→ **TASK GOAL**
Write out the line with "Fragment dintr-o stelă" and every later line through the end of the data below, exactly as given, with no pictures in the copy.

→ **DATA SECTION**
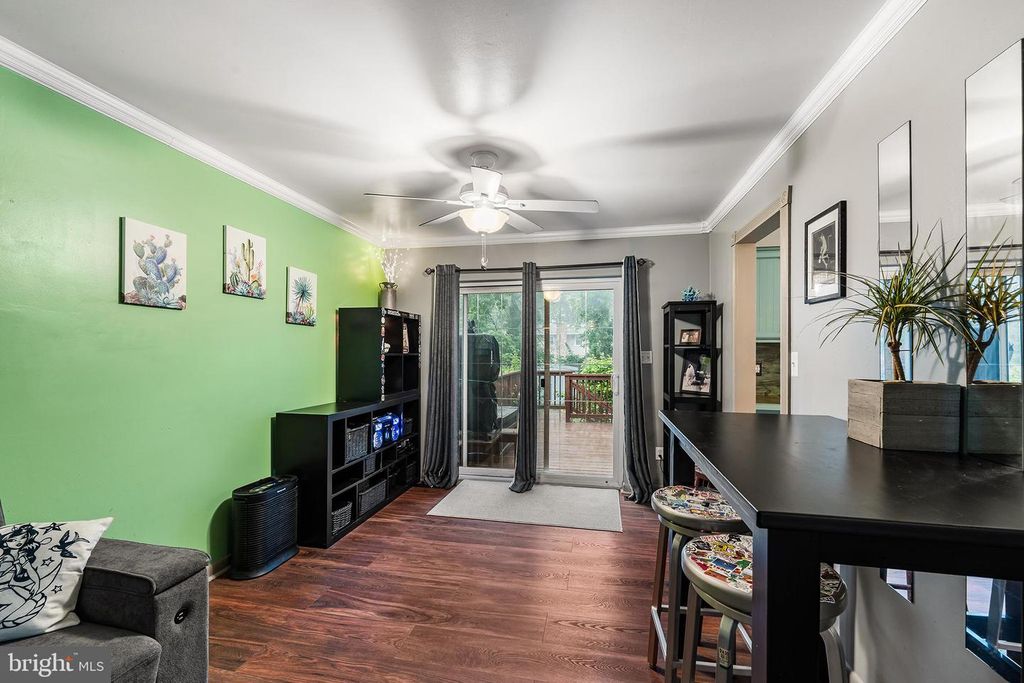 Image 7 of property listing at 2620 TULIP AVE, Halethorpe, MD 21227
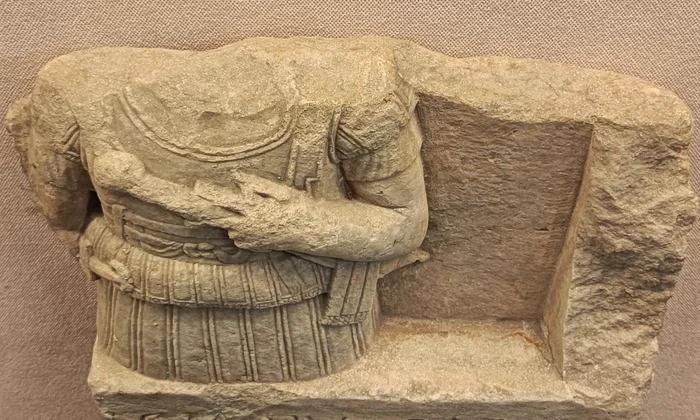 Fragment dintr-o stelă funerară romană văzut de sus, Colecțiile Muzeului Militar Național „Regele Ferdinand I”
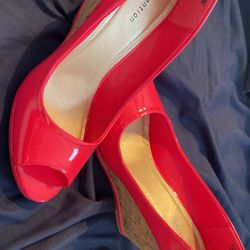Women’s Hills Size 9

→ **ANSWER TO THIS PROBLEM**
 Fragment dintr-o stelă funerară romană văzut de sus, Colecțiile Muzeului Militar Național „Regele Ferdinand I”
Women’s Hills Size 9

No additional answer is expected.